I spoke recently at the Piper 25 Conference, a 3-day event held in Aberdeen to mark the 25th anniversary of the Piper Alpha disaster that killed 167 people on board the oil platform in the North Sea. On display at the conference was a copy of Cold Work Permit 23434. The tattered paper was found in the accommodation module that was recovered from the seabed. The permit was for the replacement of a relief valve on the B condensate pump. It was this work that was at the heart of the initial release and explosion when the operators tried to start the pump even though it was not ready. The rest, tragically, is history.

It begs an obvious question and a supplementary one: Could something similar happen again and, if so, can we do anything to reduce the chances of it happening?

The oil and gas industry has made huge advances in safety management over the past 25 years. The goal-setting regime, safety cases, and verification schemes have been hugely beneficial.

We have greater collaboration and everyone now talks about safety as being important and most people genuinely believe it.
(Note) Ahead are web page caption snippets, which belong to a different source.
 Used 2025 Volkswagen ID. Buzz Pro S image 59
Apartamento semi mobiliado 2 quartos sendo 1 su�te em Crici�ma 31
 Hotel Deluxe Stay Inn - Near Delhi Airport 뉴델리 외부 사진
However, the industry is still experiencing too many serious events which, if we are unlucky, could easily result in another tragedy.

We are a global industry in which good practices are shared across our operations. The loss of life in any country has to be as unacceptable as a tragedy on our own doorstep.
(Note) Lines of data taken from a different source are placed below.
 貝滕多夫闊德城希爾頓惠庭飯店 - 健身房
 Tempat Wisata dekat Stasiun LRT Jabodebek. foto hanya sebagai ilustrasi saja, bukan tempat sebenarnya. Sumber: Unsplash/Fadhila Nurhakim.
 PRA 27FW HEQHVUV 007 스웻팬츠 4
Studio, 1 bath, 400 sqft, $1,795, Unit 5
Over the past 25 years since Piper Alpha, there have been more than 25 multi-fatality accidents in our industry. In June, two people died in an accident on a gas platform in the Dutch sector of the North Sea. Last year, three died in an explosion in the Gulf of Mexico (GOM) and 11 died in theDeepwater Horizon explosion in the GOM in 2010.
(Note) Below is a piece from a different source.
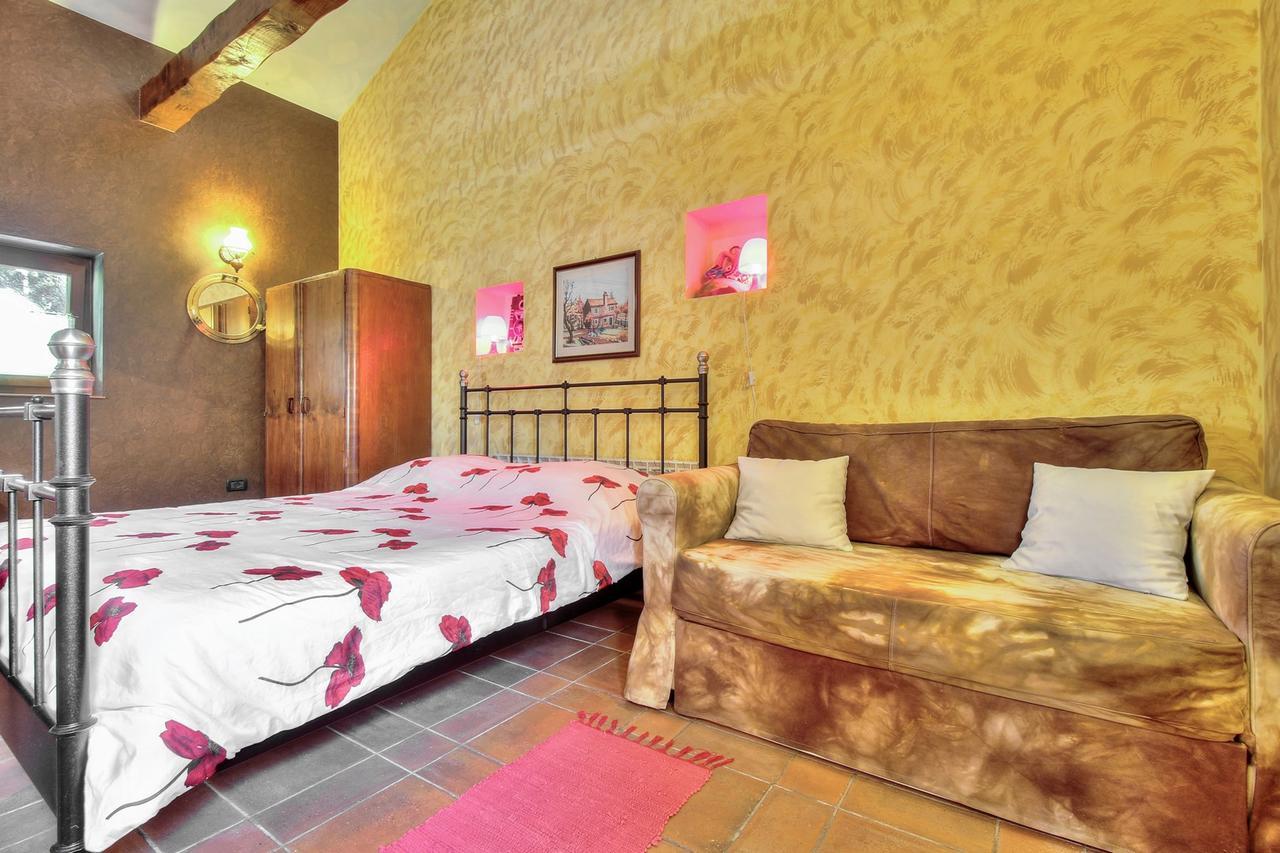 Nadia House With Apartments Замбратія Номер фото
Can we do anything to make these situations less likely? Are we controlling the risks to our people in a joined-up way?

Recommendation 67 of Lord Cullen’s Report on the Piper Alpha disaster called on the industry to institute common systems for alarms and warning lights. Unfortunately, at the time, the industry could not reach this position voluntarily and legislation was needed to create new regulations.

Surely that would not happen today because we have a unified approach with strong, clear leadership across the industry that understands the benefit of common systems and approaches and are not hung up on insisting that only their corporate systems will do. We are happy to agree on common standards for survival training, we have a common system for tracking people traveling offshore, and we have agreed on standards for use of personal locator beacons on helicopter flights.

These are all good. But we are not so good at agreeing to common standards in other areas, such as work control, isolation standards, risk assessment, and safety observation programs. We are good at creating guidelines, but are reluctant to make any hard-and-fast safety rules for the step change “safety club” because few clubs allow membership to choose which rules to follow.

Why not introduce a common permit to work? A common job safety assessment? Common observation programs? Common isolation standards? What a signal it would send to the offshore workforce about our genuine commitment to their safety.

Who Gets the Learning?

More contractor personnel get hurt offshore than operator personnel because there are more of them and fewer work in offices or control rooms. So when an accident happens and a contract worker is injured, you might think that the contractor company has at least as much to learn as anyone else, yet often the company does not hear about the accident straight away, is refused access to participate in the investigation, and does not see the findings unless the operator is faulting the contractor.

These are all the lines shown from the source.